I liked the idea of scoring the explanations by using the short description of the concept to see how well it reproduces the activations in other texts. This moves the argument from “let’s trust GPT-4” output to “let’s trust the score”. But it’s not perfect. There are two stages at which the “capabilities” (or rather limitations like stochasticity) might affect the quality of the explanations: First, the generated short description might be wrong/ too broad / too specific. But also when generating the predicted activations, shortcomings of GPT-4 might affect the score. But the computation of the score itself, at least, is not done by an LLM … yet 🙃
Another issue: The limitations of the context window mean that we can’t feed all the texts to GPT-4 when generating the short description, hence only a selection is used.
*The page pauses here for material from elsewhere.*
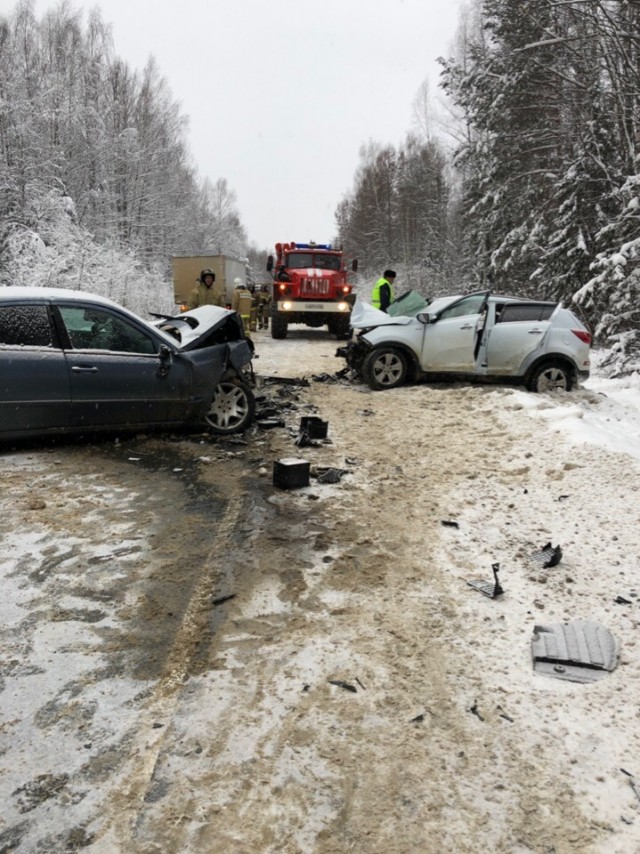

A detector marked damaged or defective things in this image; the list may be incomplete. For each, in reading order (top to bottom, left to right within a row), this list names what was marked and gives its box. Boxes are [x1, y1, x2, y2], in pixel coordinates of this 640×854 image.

crumpled hood [350, 300, 416, 330]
So, not perfect, but I think the alternative would be to generate/evaluate the concept descriptions with humans which would be a rather tedious task.
What I found very interesting is the mindset that’s behind the approach. In my book Modeling Mindsets I write about different approaches to modeling data. One mindset is supervised learning and that’s clearly applied to how the explanations are evaluated (label=activation, input=text+description). But there’s another mindset that’s becoming more common, which I would call the LLM mindset. And this mindset is all about turning tasks into language tasks and prompting LLMs such as GPT-4. A part of the interpretation approach was to write good prompts for GPT-4. It’s not surprising to see OpenAI approaching even questions of interpretability with an LLM mindset.
Bills, et al., "Language models can explain neurons in language models", 2023.